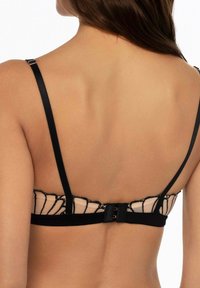 Czarny i cielisty biustonosz z koronkowym wykończeniem i regulowanymi ramiączkami, z zapięciem na haftkę z tyłu oraz gładkim, teksturowanym wykończeniem.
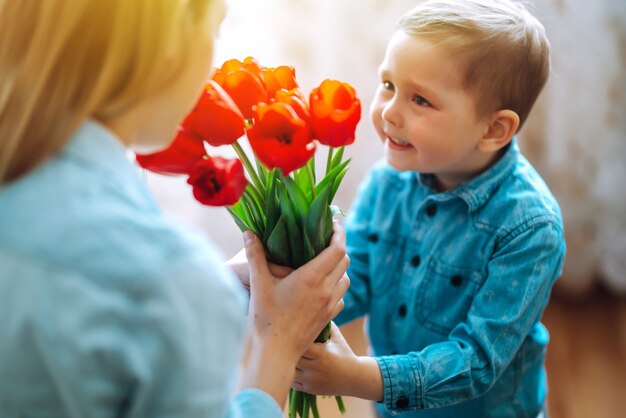 Boeket tulpen voor mama Zoontje feliciteert moeder en geeft een boeket tulpen Blije moeder...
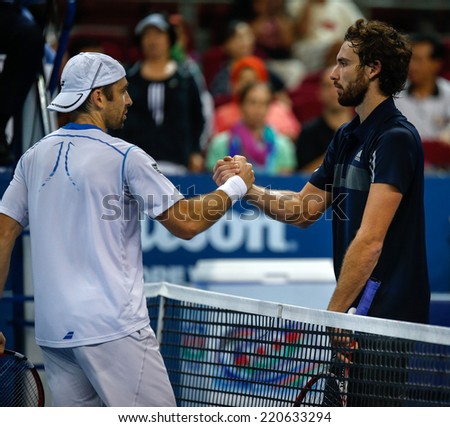 SEPTEMBER 26, 2014 - KUALA LUMPUR, MALAYSIA: Benjamin Becker (white) shakes Ernests Gulbis\' hands after their match at the Malaysian Open Tennis 2014. This event is an ATP sanctioned tournament.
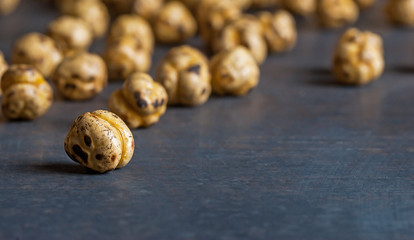 Obraz premium turkish leblebi, famous nut, close up yellow roasted chickpeas on black rustic vintage wooden background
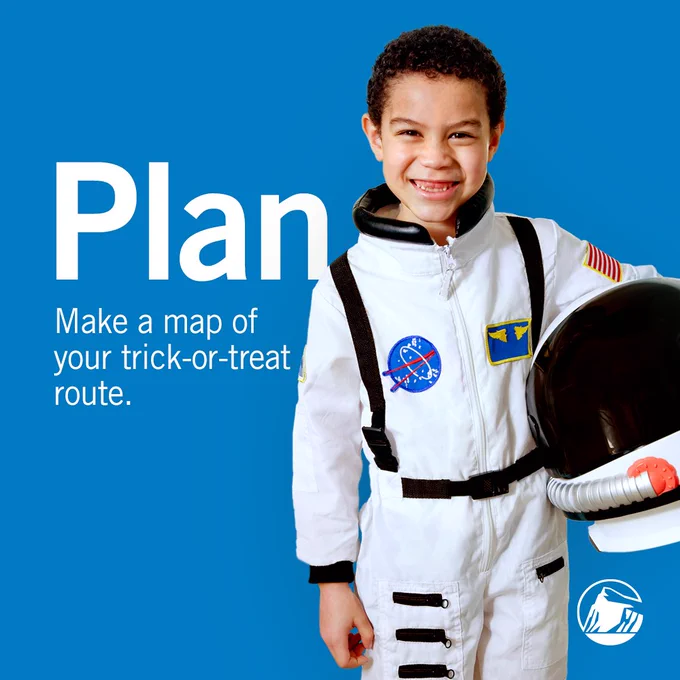 Boy in astronaut costume. Plan. Make a map of your trick or treat route.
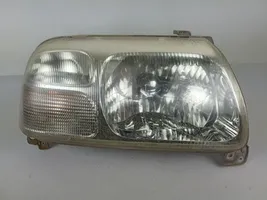 Suzuki Grand Vitara I Lampa przednia 10032078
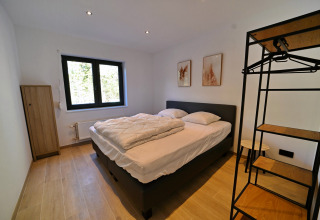Moderne soveværelse på Chalet «DES BOIS» i Belgien, dobbeltseng, åbent skab, store vinduer.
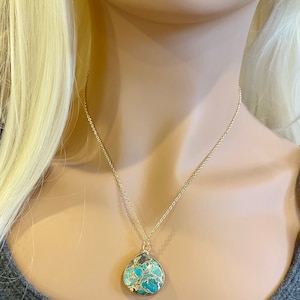 May include: A gold chain necklace with a teardrop-shaped pendant made of turquoise and gold. The pendant has a marbled pattern of blue, green, and gold.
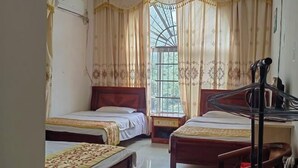 A room with two beds, a window with curtains, a chair, and a desk. - Dongxing Wanwei Jintan Xiangyue Hotel (Dongxing)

:::::

- Goal of the exercise -
Repeat exactly and only the lines from the start of the data above through the line that holds "Boeket tulpen voor", inclusive. Pictures do not belong in the copy.

- The completed task -
 Czarny i cielisty biustonosz z koronkowym wykończeniem i regulowanymi ramiączkami, z zapięciem na haftkę z tyłu oraz gładkim, teksturowanym wykończeniem.
 Boeket tulpen voor mama Zoontje feliciteert moeder en geeft een boeket tulpen Blije moeder...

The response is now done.